Willie Moore

Personal information
- Native name: Liam Ó Mordha (Irish)
- Born: 1950 (age 75–76) Doon, County Limerick, Ireland
- Occupation: Teacher
- Height: 5 ft 10 in (178 cm)

Sport
- Sport: Hurling
- Position: Right corner-back

Club
- Years: Club
- Doon

Club titles
- Limerick titles: 0

Inter-county*
- Years: County / Apps (scores)
- 1971-1974: Limerick / 9 (0-00)

Inter-county titles
- Munster titles: 2
- All-Irelands: 1
- NHL: 0
- All Stars: 0
- *Inter County team apps and scores correct as of 20:25, 1 December 2011.

= Willie Moore (Limerick hurler) =

Irish hurler

William Moore (born 1950) is an Irish retired hurler who played as a right corner-back for the Limerick senior hurling team.

Moore made his first appearance for the team during the 1971 championship and became a regular player over the next few seasons. During that time he won one All-Ireland winners' medal and back-to-back Munster winners' medals.
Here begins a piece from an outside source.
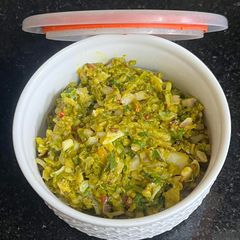A picture of Karela Chokha (A Traditional Indian Mashed Karela Dish).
At club level Moore enjoyed a lengthy career with Doon, however, he ended his career without claiming a county club championship winners' medal.

==Playing career==
===Club===

Moore played his club hurling with his local Doon club.

===Inter-county===

Moore first came to prominence as a member of the Limerick senior inter-county team in the early 1970s. In 1973 he won his first Munster Championship medal, Limerick's first since 1955. Limerick later faced Kilkenny in the All-Ireland final, however, the Munster champions were burdened with the underdogs tag. In spite of this Limerick powered to a seven-point victory, giving Moore an All-Ireland medal.

In 1974 Moore won a second consecutive Munster title before lining out in a second consecutive All-Ireland final. Once again Kilkenny provided the opposition. Limerick stormed to an early lead, however, a Pat Delaney shot from midfield bounced on the wet Croke Park surface and between goalkeeper Séamus Horgan's legs for a goal. Two more goals for Kilkenny put an end to Limerick's hopes of victory as 'the Cats' emerged the winners by twelve points.

Horgan continued hurling at inter-county level until 1974.